Borax dissolves a very large quantity on the platinum wire, forming a transparent glass, whose yellowish colour disappears on cooling. If the glass be nearly saturated, it becomes opaque by flaming, and if quite saturated, it is enamel-white on cooling. On charcoal, the cadmium is reduced, covering the former with its characteristic yellow film.

Microcosmic salt also dissolves a very large quantity,

forming a transparent glass, which, when saturated, forms a milk-white enamel on cooling.

Soda does not fuse it on the platinum wire. It is reduced on charcoal, with the production of the orangeyellow coating.

Oxide of Iron.-Alone, undergoes no change in the oxidating flame; but in the reducing flame, it blackens and becomes magnetic.

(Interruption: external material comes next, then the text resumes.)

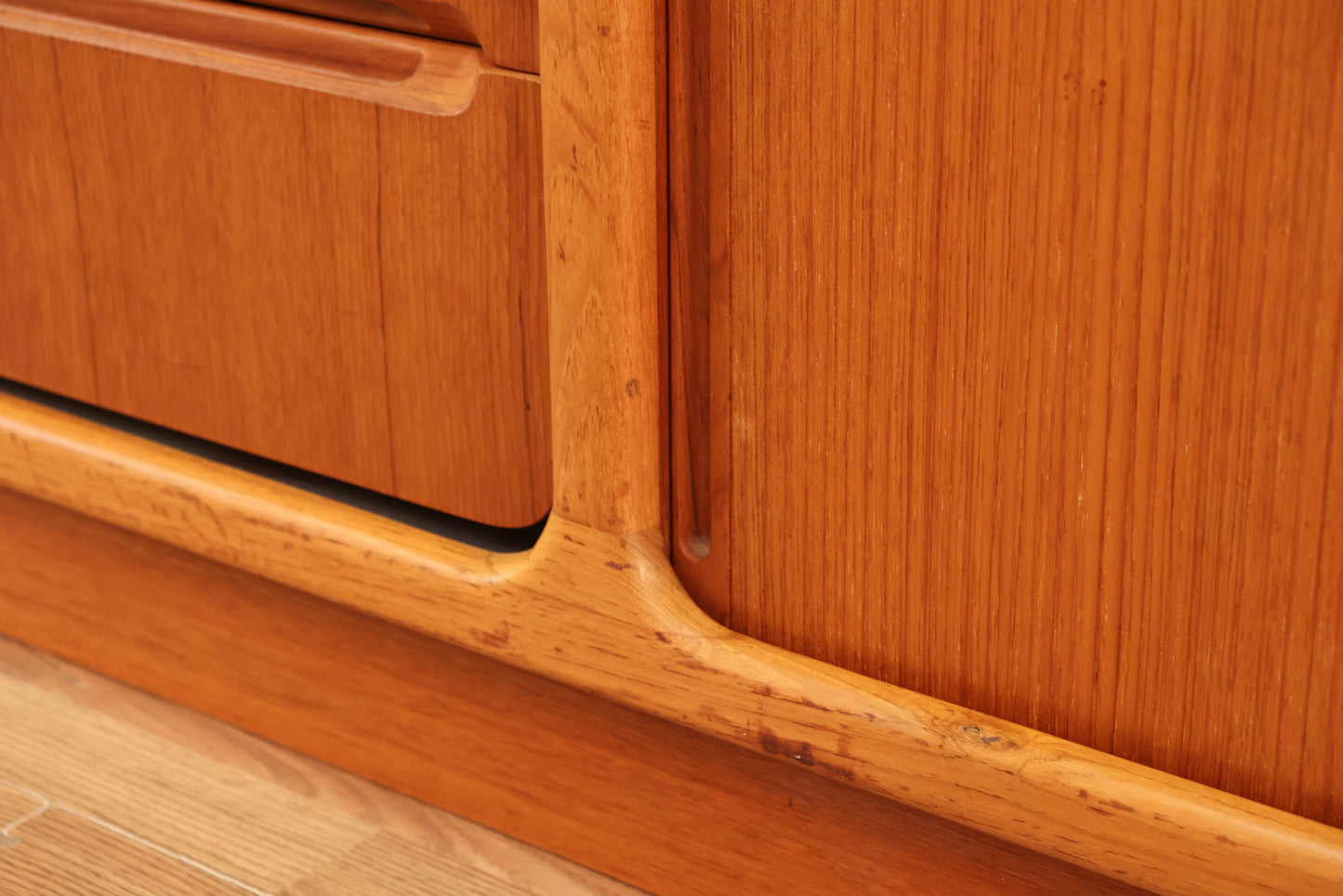 Large Danish Teak Tambour-Door Credenza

With borax it gives a dull red glass in the oxidating flame, which brightens on cooling, and finally takes a yellowish tint, or even becomes colourless on cooling. If the bead contain a very large proportion of oxide, it is opaque in the liquid state, and on cooling, becomes a dull impure yellow. In the reducing flame, it becomes bottle-green; and if the reduction be forced to the highest possible extent, assumes a lively blueish-green tint, exactly like protosulphate of iron. Tin very much accelerates the reduction of the peroxide to the state of protoxide.

With microcosmic salt it behaves as with borax, but the green colour disappears more completely, and may be entirely got rid of by the application of tin.

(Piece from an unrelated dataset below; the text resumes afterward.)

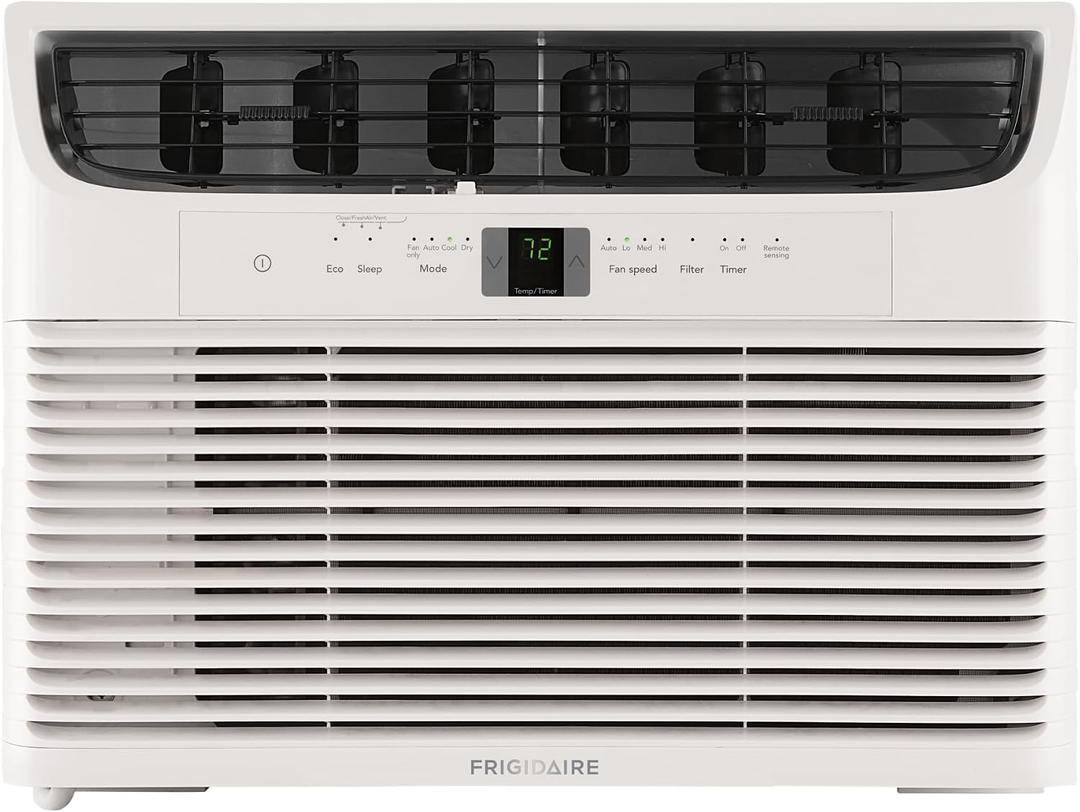 Frigidaire 12,000 BTU Window Air Conditioner with Remote Control, Cools Up to 550 Sq. Ft., Quiet Operation, Eco Mode, 3 Fan Speeds, Auto Restart, White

Soda does not dissolve oxide of iron, but causes it to be absorbed by the charcoal, in which it is easily reduced, and may be obtained as a grey, magnetic, metallic powder.

Oxide of Cobalt.-Alone, suffers no change.

With borax it readily fuses, forming a fine transparent blue glass, which does not become opaque by flaming. A very small quantity colours the glass completely blue; and a large quantity imparts so deep a colour, as to make it appear black.